I got up early this morning and did a full hour workout and I feel so good! Maybe I just needed the endorphins from a longer workout than usual. 

So, feeling cheerful, I sat down to work and answer emails, racking my brain with how to convince people to just postpone their trip so they don’t cancel and ask for a refund. My spirits were still high, the window open, my basil plant out on the windowsill to get a little extra sun, the birds singing a few feet from where I sat on the couch. 

Then my friend Gaspar texted me from Lima. He wanted to know if I had seen the morning news. I hadn’t. This morning Cusco had its first COVID-19 death and also this morning a 38 year old Canadian died in Lima of COVID-19. Shit.

That Canadian was my age. His only “pre-existing condition” was being overweight. He was a lot like me. I think a lot of people under 50 have been trying to reassure ourselves that statistically, we’ll probably be fine. The more research that comes out, however, the more I see that people my age, even those in good health, can also be gravely ill, hospitalized and killed by this virus. 

Now I’m starting to feel scared. Before I was bored of quarantine, annoyed at how depressing my job had become, stir crazy from not going outside much. Now I’m actually scared.

I still feel safer here than in the US. I still feel like the country-wide quarantine is the right thing to do. I still think that President Vizcarra’s leadership has been great. I still feel safe in my own home. I have been quarantined at home with my housemates long enough to feel pretty secure that none of us have the virus. I am no longer worried about having been exposed at that wedding the Saturday before the quarantine was announced. Somehow, going through all those facts isn’t that reassuring.
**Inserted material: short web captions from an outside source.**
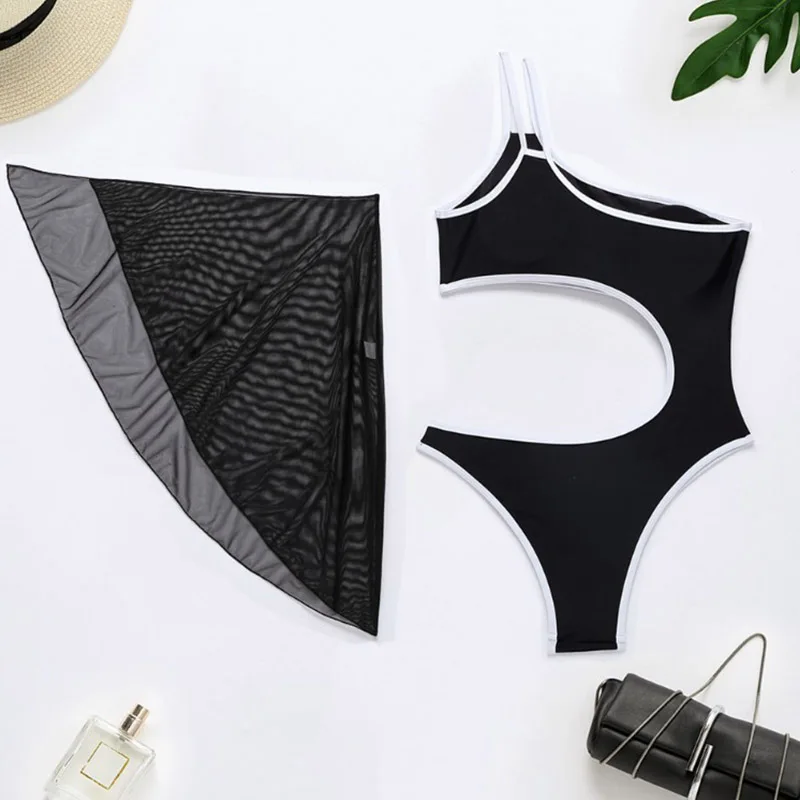 

Fashion Sexy Black Bikini Set Two Piece Mesh Bikini Cover Up+Bodysuit Summer Women Elegant Hollow Out One Shoulder Beach Wear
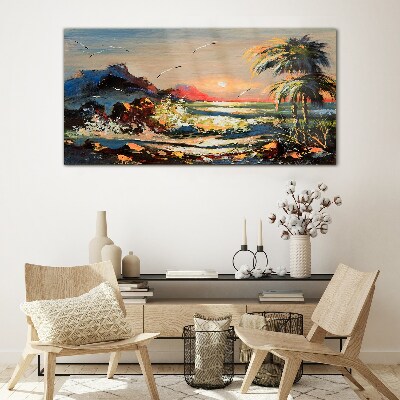 Tablou sticla Apus tropical peste mare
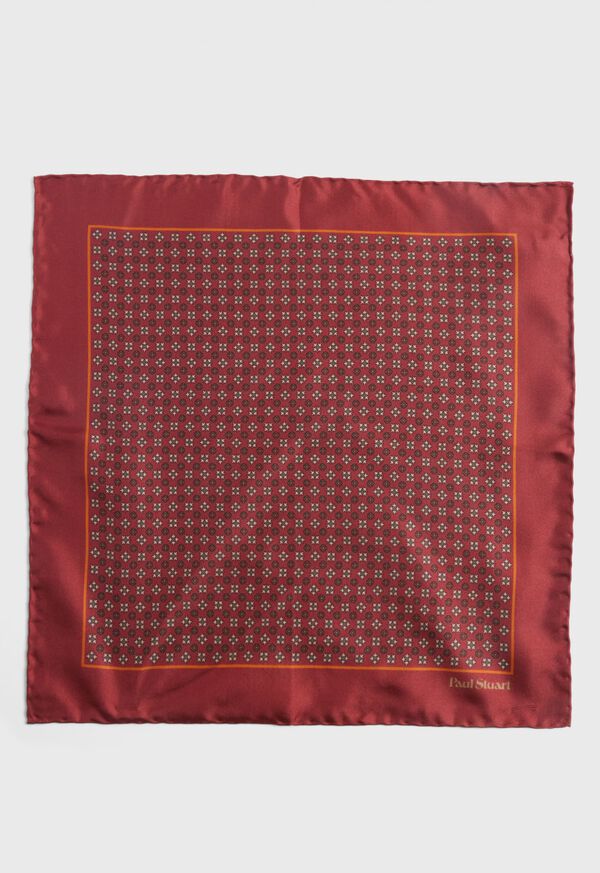Paul Stuart Silk Floral Medallion Red | NZ_PAUL82304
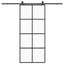 skydedør med hardwaresæt 90x205 cm ESG glas sort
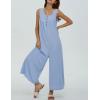 imageYeokou Jumpsuits for Women Casual Summer Sleeveless Wide Leg Overalls Loose Textured Button Front Pocketed Romper One PieceBlue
I called my mom. She definitely heard me. She knows the statistics too. 20% of people hospitalized are in my age range. Statistically, I have a better chance of not having to be hospitalized, or of surviving even if it does get bad enough that I have to be hospitalized.

Still. I’m in Cusco. I’ve been in a clinic here once, and I was not impressed. I do not want to be actually sick and have to go to a clinic here. I definitely don’t want to go to the public hospital in Cusco.

While Mom is always reassuring, I don’t feel much better after we hang up. I felt so great this morning. Why can’t I have just one full day of feeling great?

Wednesday, 25 March, 2020

This was the most beautiful morning, which I needed so badly. I snuck out of the house early again, leaving at 6am to hike up to the Temple of the Moon. Just like the last two times, nobody was out. I didn’t see a single human being. Up past the houses, across the only road where the police might see me, up through a grove of eucalyptus, the Inca trail flattens out and I can catch my breath. Hurrying uphill for about 20 minutes, jogging up stairs, without stopping at 11,000 feet above sea level makes me short of breath no matter how long I live here and how acclimated I think I am. 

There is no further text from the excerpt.